Lookup tables translate a key to an index in the table, or an error if the key is not present. The declaration comprises a name, key length, and table size. Protocols can read lookup tables, while writes are only possible from the control plane. Lookup tables are typically combined with arrays of the same size to translate the returned index into a value, but can also be used separately if only the existence of a key is checked.

2) RX & TX Processing Graphs: Each protocol specification consists of two separate data-flow graphs, one for receive and one for transmit. A Kugelblitz DFG specifies the complete processing for an individual packet in the corresponding direction. Our semantics guarantee that packets appear to be processed sequentially and in isolation, compiler and architecture ensure this.

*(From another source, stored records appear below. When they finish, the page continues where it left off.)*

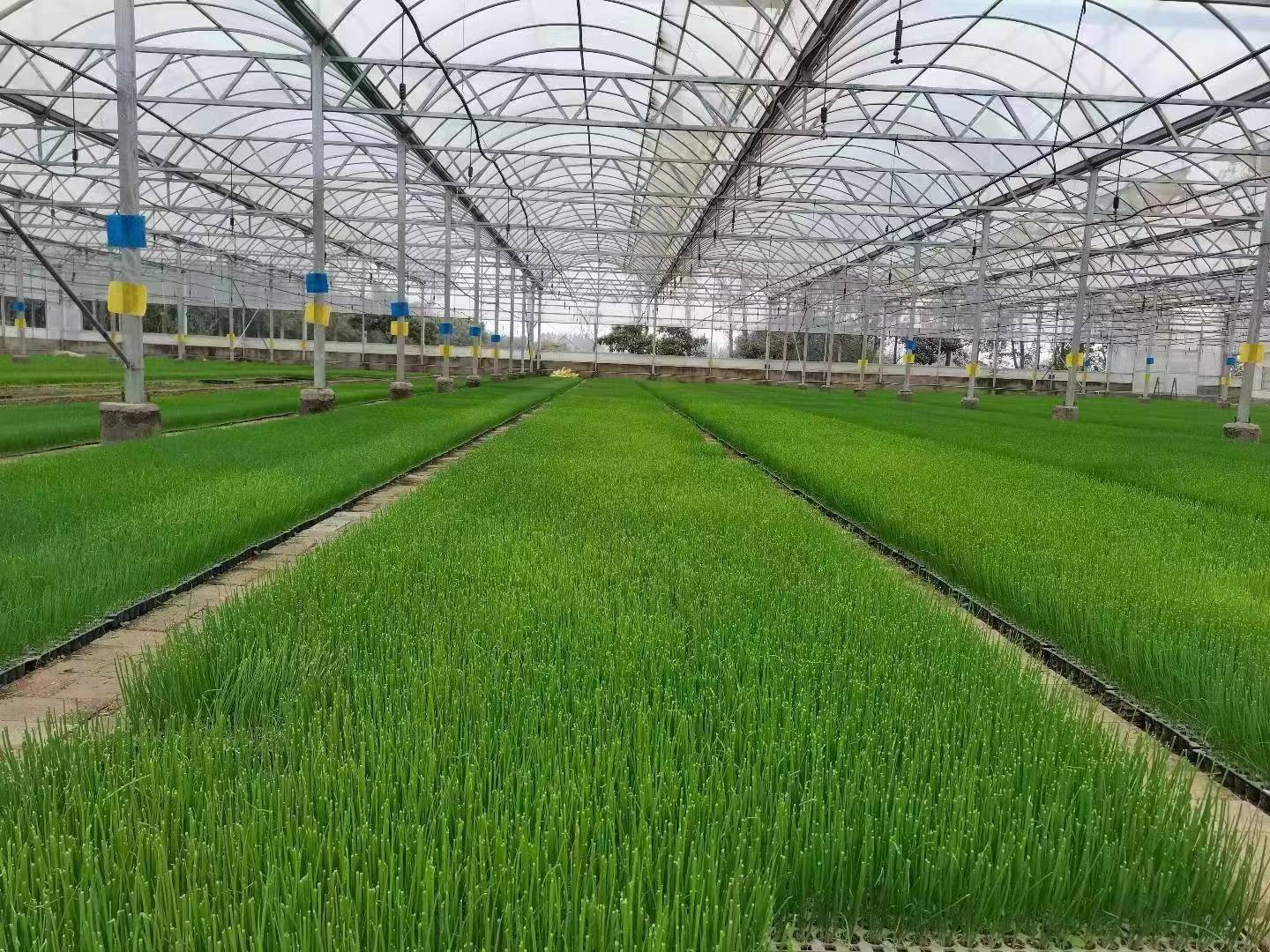 科技賦能興南陽，特色農(nóng)業(yè)蹚出致富新路徑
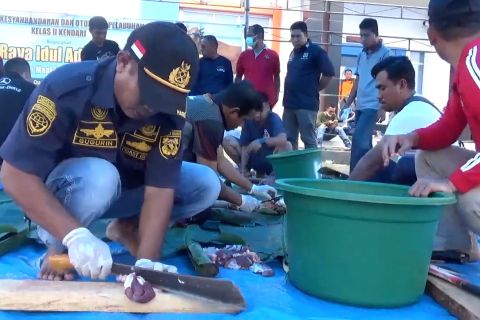 KSOP Kendari salurkan 10 ekor sapi kurban untuk buruh pelabuhan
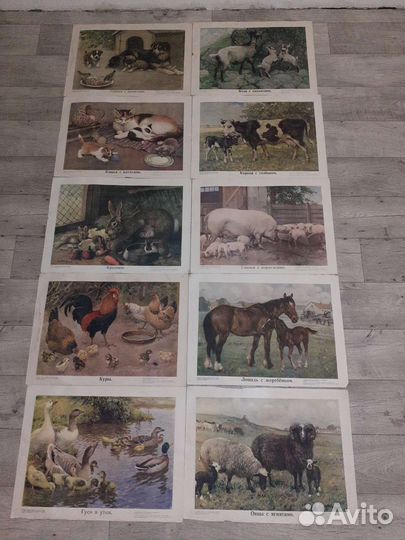 Картины для детских садов РСФСР 1948 год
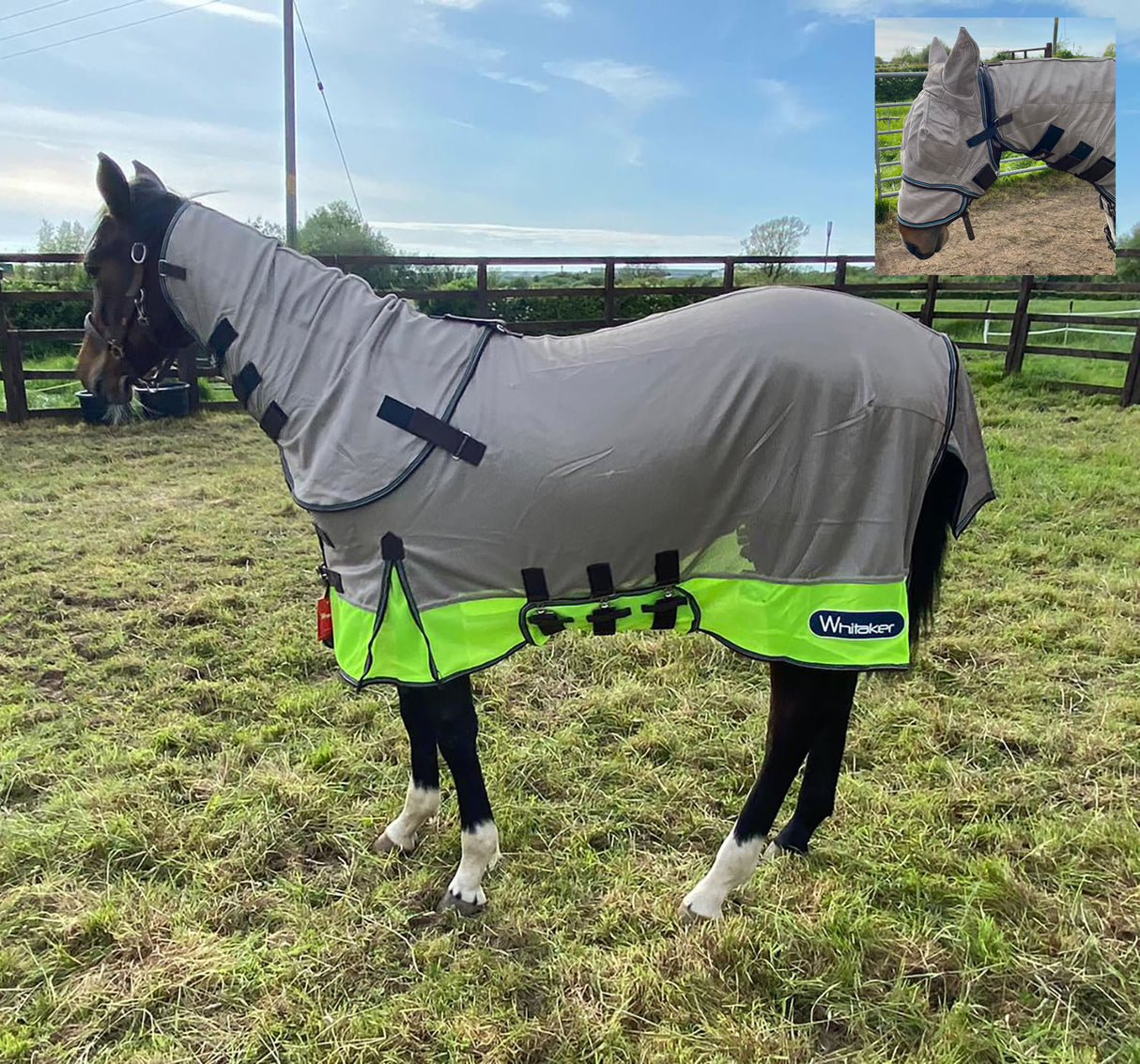 Whitaker Airton Fly Rug #colour_lime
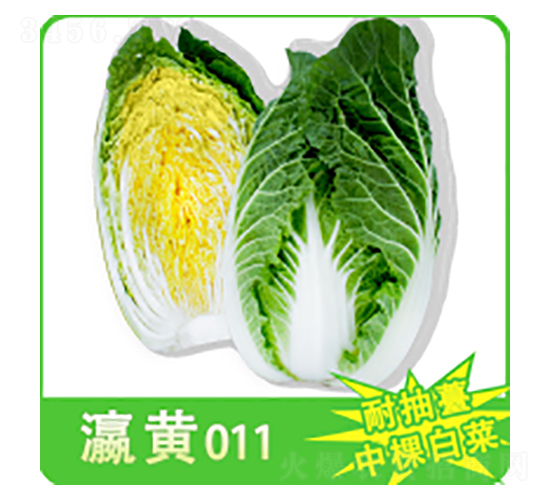 ��ײ˷N��-��S011-�A孷N�I(y��)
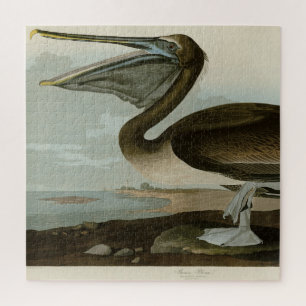 Puzzle Pélican Brown d'Audubon's Birds of America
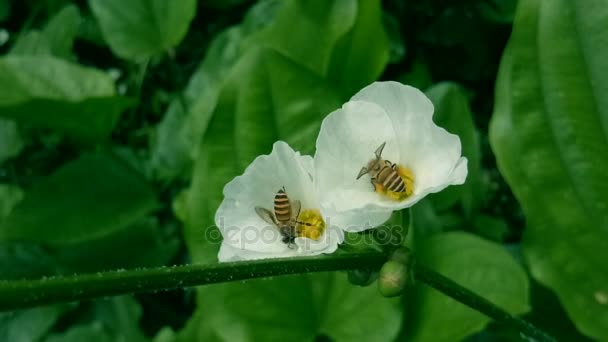 两只黄蜂蜜蜂在白花上采集花蜜 — 图库视频影像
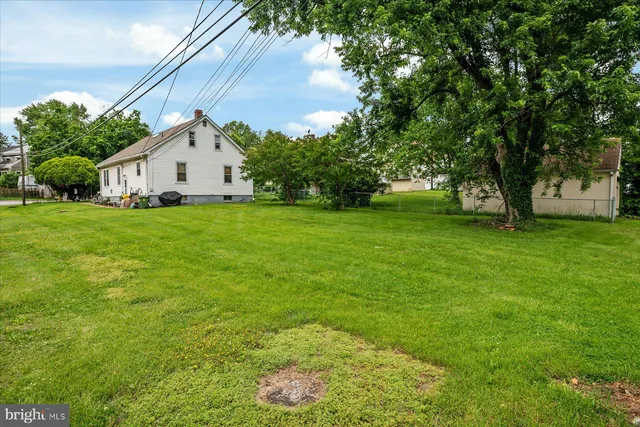 a view of a backyard with large trees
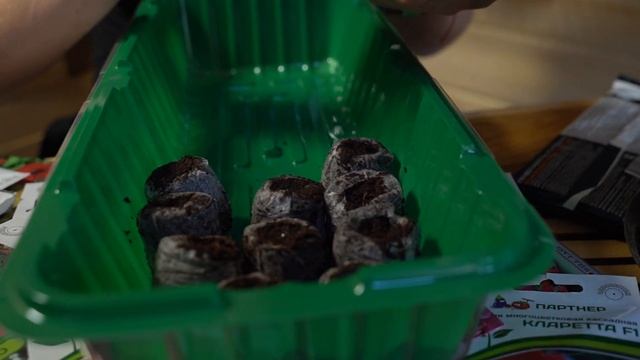 КУДА ПОСАДИТЬ ПЕТУНИЮ В ГРУНТ ИЛИ ТАБЛЕТКИ. УРОК №2. ЧАСТЬ 1 смотреть онлайн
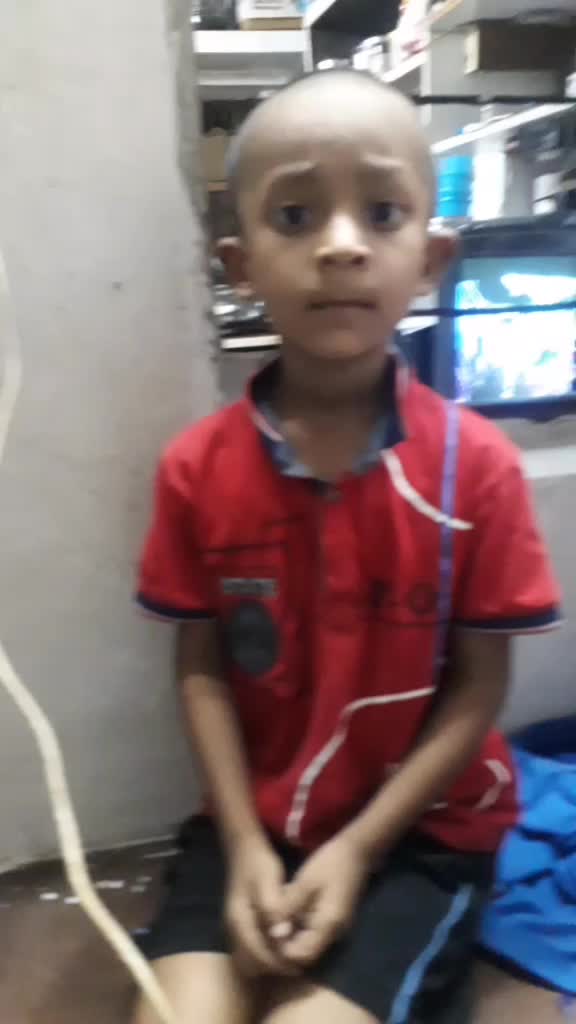 @animesh king model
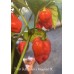 7-Pot Bubble Gum x Naga Red NC Pepper Seeds 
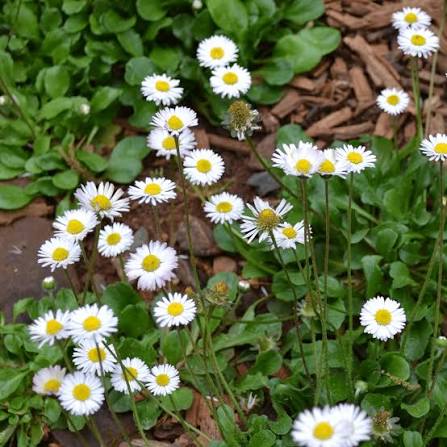 Bellis perennis Single Meadow Daisy white English Daisy flower seeds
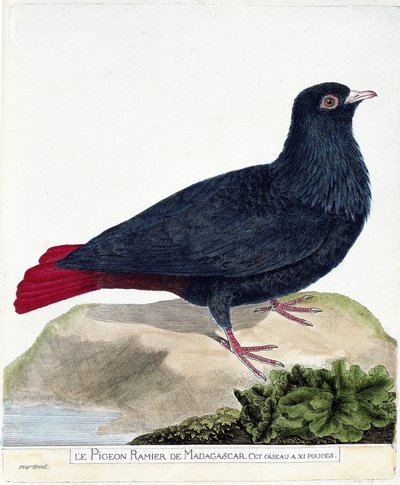 Zoologische kaart (ornithologie): De takduif van Madagaskar (Blauwe Founingo of alectroenas madagascariensis). Illustratie in 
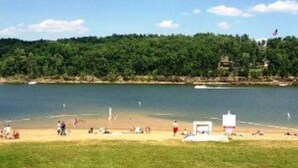 A beach with a grassy foreground, a sandy shore, and a forested hill in the background. - The Resort (Falls of Rough)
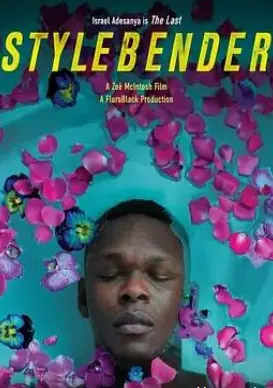 《风格弯曲者》：打破常规的视觉盛宴，色彩与想象力交织的奇幻之旅！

DFGs consist of nodes connected by directed edges indicating data flow from one node to another. Each node can have multiple inputs, a single output, and attributes specified at declaration time. We represent data as bit vectors and each

|                 | Inputs                  | Outputs | Attributes     |
|-----------------|-------------------------|---------|----------------|
| Conversions     |                         |         |                |
| Constant        |                         | value   | value, bits    |
| Slice           | value                   | result  | offset, bits   |
| Merge           | a, b,                   | value   |                |
| Zero Extend     | value                   | result  | bits           |
| Sign Extend     | value                   | result  | bits           |
| Compute         |                         |         |                |
| Unary           | operand                 | result  | operation      |
| Binary          | left, right             | result  | operation      |
| Conditional/mux | cond., t-value, f-value | result  |                |
| Input / Output  |                         |         |                |
| Read Packet     |                         | result  | offset, length |
| Write Packet    | value                   |         | offset, length |
| Read Control    |                         | result  | register       |
| Write Control   | value                   |         | register       |
| State           |                         |         |                |
| Table Lookup    | key                     | index   | table          |
| State Read      | index                   | value   | memory         |
| State Write     | index, value            |         | memory         |

 TABLE I

 KUGELBLITZ PROTOCOL DATA-FLOW GRAPH NODE TYPES.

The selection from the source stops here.